For information about the history of Bradbury's Soeze click on the title above.
All material copyright David G. Best 2002 - 2010 All Rights Reserved.
The earliest version of the Soeze (sew easy) probably made in August 1898. It has very attractive decals of leaves with small pink flowers. The face plate is jappaned and has the same decal pattern. The company Trade Mark - the Duke of Wellington is on the shoulder of the machine.
Note the leaf tension arrangement on the top of the arm and the single spool pin. The machine was available with either a nickel plated or as in this case a jappaned balance wheel.
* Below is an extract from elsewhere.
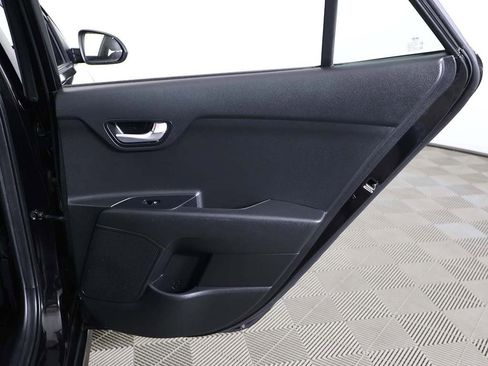 Used 2020 Kia Rio S image 22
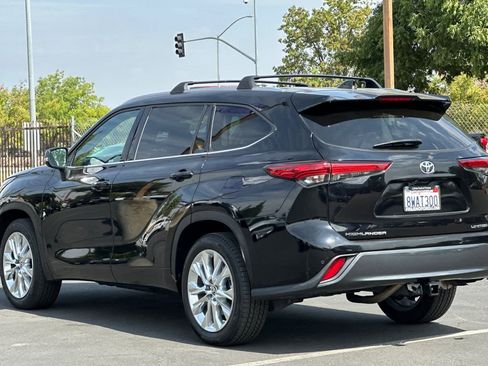 Used 2020 Toyota Highlander Limited image 7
There is no accessory compartment in the base an omission which was never rectified.
The machine has a bentwood case with the company Trade Mark on the front.
We believe this version of the Soeze was only available as a hand crank.
A slightly later version of the Soeze made in late 1898 or early 1899. It has the same decals as the machine above however the faceplate is nickel plated and a second spool pin has been provided on top of the arm.
This is an example of the second version of the Soeze made in 1899. The casting of the arm and needle head have been changed with the leaf tension being replaced by tension discs located on face plate. The spool pins have also been repositioned and the needle plate is now rectangular and extends to the end of the bed. The fittings for the bentwood case are similar to those of the earlier machine.
The decals are the same as the earlier version including the name Soeze on the arm. After less than 2000 machines the Company changed the decal pattern to the red & gold style shown below.
A few years later this floral pattern was reused on a batch of machines but with the name "Westerian" on the arm in place of Soeze.
Made in 1902 this is another example of the second version of the Soeze but with the more common red and gold decals. The name Bradbury's "Soeze" is on the arm and the Company's Trade Mark appears on the bed of the machine.
Although the head of this machine is heavily worn and the woodwork has been poorly refinished it is a rare example of the treadle version of the Soeze. Note in particular the complicated design of the stand and how the treadplate is connected to the stand.
Made in 1903 this is another example of the second version of the Soeze, this time as a hand machine. Note how the bed stands proud of the woodwork and the prescence of a belt guard when compared with the example below.
A late model of the Bradbury Soeze manufactured around 1905. On this version the castings have been changed slightly and the raised platforms for the spool pins have been deleted as has the belt guard.
The wooden base has been simplified and the peg & socket hinges mean the machine is now inset into the base. No accessory compartment has been provided and although it has a bentwood case the fixings are different to the earlier models.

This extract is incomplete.